**WORK INSTRUCTION:** Reproduce the lines below exactly, from the one containing "Toyota Vitz CRN" through the one containing "Brauner Wildleder-Overall mit", both included. Leave out any pictures.

**INFORMATION:**
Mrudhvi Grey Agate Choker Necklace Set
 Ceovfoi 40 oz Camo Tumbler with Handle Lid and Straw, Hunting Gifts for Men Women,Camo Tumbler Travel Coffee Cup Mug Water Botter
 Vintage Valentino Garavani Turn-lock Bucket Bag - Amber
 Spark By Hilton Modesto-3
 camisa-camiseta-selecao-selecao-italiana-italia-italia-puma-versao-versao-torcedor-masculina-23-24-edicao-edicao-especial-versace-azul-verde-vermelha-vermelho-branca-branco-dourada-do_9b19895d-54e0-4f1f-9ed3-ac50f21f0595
* * *
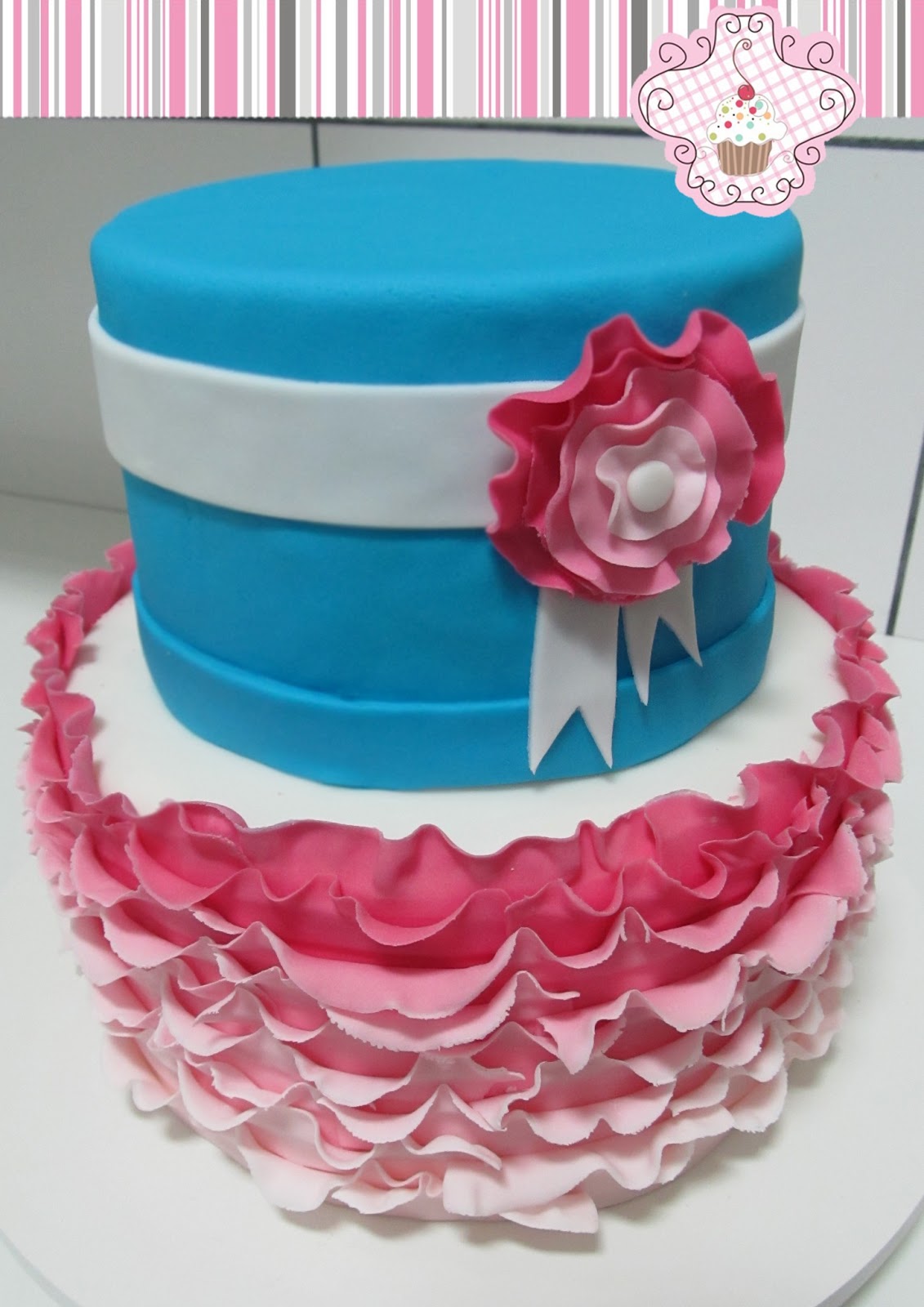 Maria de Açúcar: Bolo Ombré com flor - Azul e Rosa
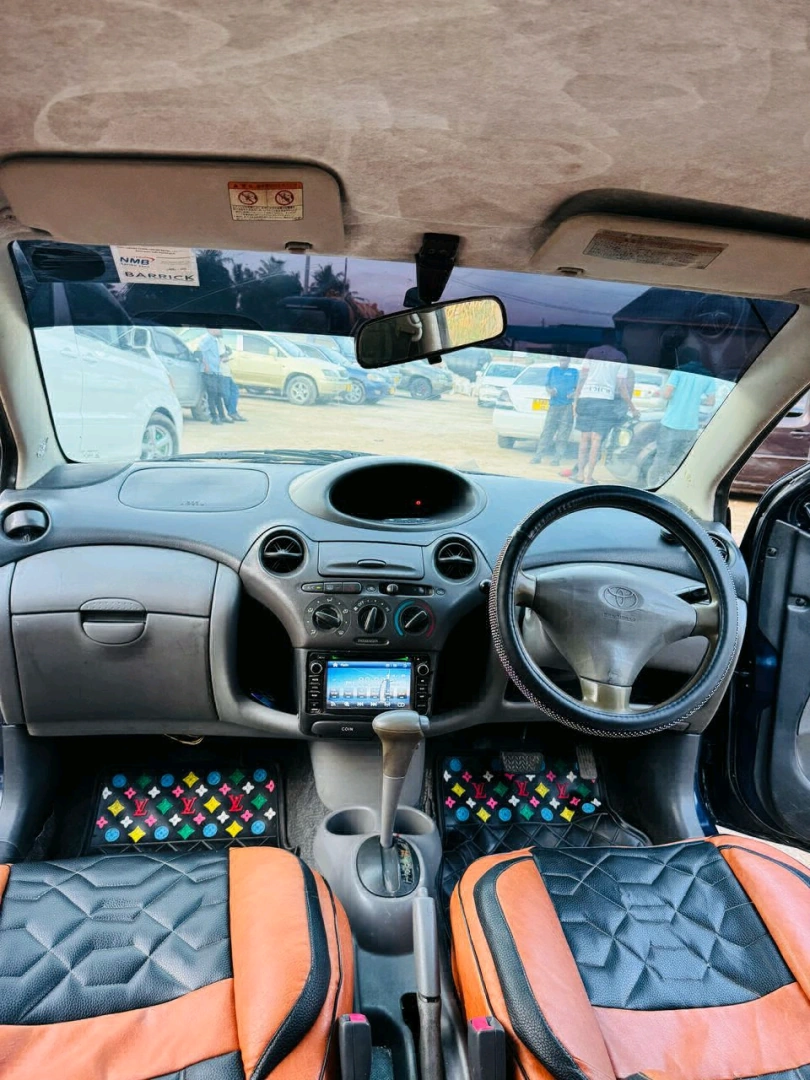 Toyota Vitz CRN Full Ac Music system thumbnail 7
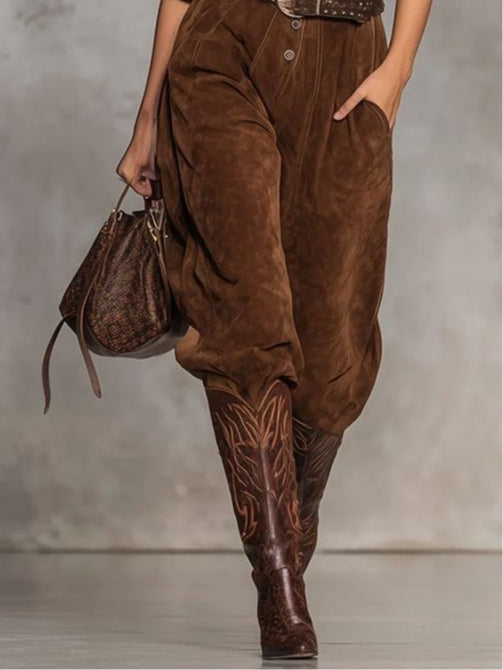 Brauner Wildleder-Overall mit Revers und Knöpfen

**EXERCISE RESPONSE:**
 Toyota Vitz CRN Full Ac Music system thumbnail 7
 Brauner Wildleder-Overall mit Revers und Knöpfen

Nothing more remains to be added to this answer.